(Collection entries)
* * *
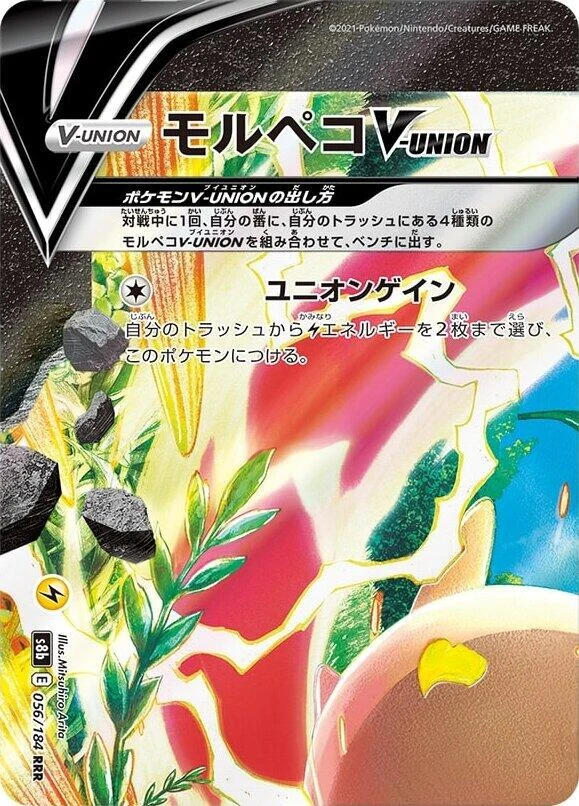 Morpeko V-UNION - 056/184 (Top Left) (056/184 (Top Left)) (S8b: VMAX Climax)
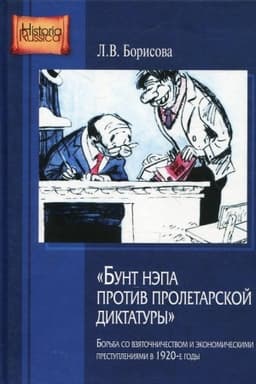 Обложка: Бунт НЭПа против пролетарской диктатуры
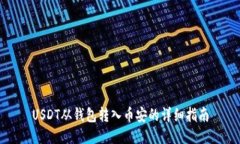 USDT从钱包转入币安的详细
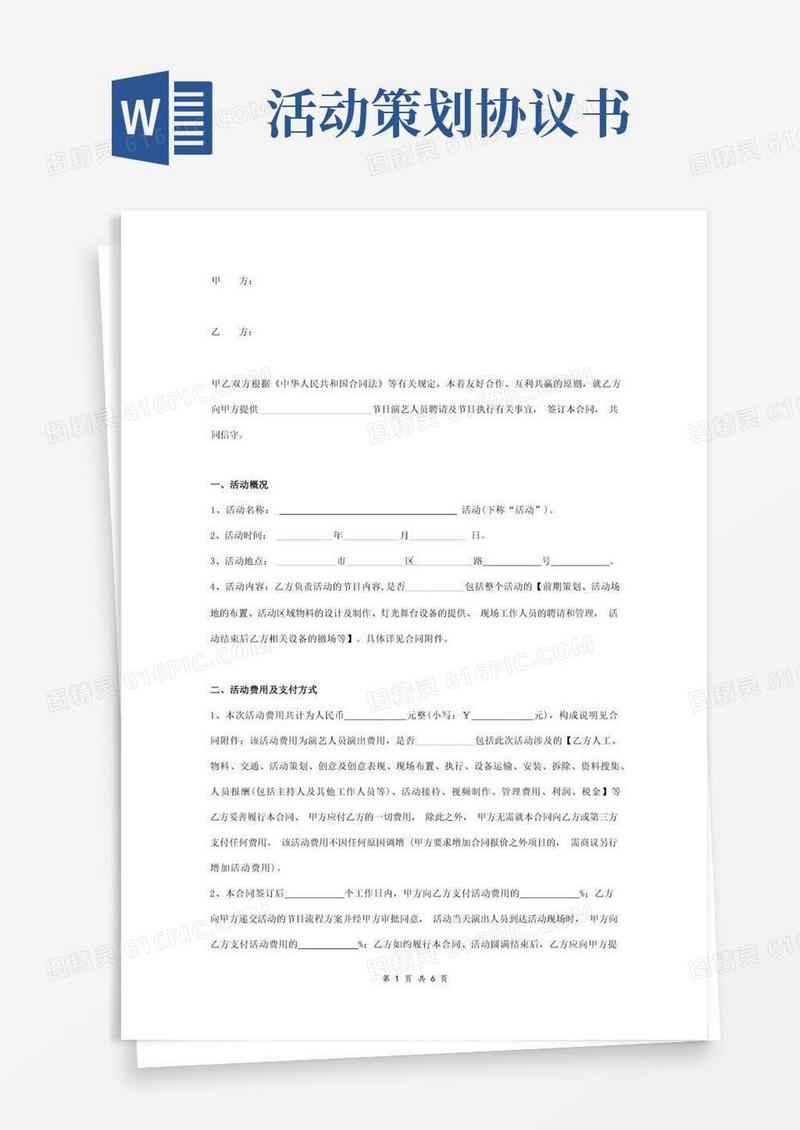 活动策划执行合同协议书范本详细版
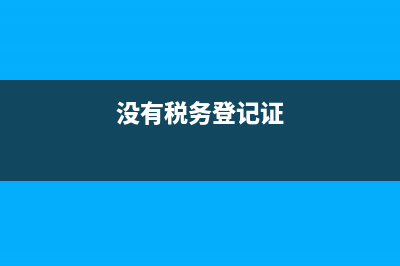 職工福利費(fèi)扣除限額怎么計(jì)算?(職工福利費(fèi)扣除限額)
* * *
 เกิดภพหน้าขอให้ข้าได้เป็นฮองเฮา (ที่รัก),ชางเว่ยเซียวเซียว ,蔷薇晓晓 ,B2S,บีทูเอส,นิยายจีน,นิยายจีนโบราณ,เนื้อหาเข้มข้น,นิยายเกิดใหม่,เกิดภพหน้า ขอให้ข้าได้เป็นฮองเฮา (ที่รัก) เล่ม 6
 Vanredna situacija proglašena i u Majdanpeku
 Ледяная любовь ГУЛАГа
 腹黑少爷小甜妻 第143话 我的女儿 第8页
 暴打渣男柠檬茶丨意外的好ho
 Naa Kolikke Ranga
* * *
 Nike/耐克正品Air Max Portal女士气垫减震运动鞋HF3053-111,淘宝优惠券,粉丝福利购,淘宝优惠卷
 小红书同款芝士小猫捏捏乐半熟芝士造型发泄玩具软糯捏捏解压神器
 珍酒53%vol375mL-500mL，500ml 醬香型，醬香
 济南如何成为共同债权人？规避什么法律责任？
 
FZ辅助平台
* * *
→ DESCRIPTION OF THE TASK
Among the entries above, locate the lines containing "腹黑少爷小甜妻 第143话 我的女儿 第8页" and "Naa Kolikke Ranga", and transcribe exactly those two lines and all lines between.

→ YOUR RESPONSE
 腹黑少爷小甜妻 第143话 我的女儿 第8页
 暴打渣男柠檬茶丨意外的好ho
 Naa Kolikke Ranga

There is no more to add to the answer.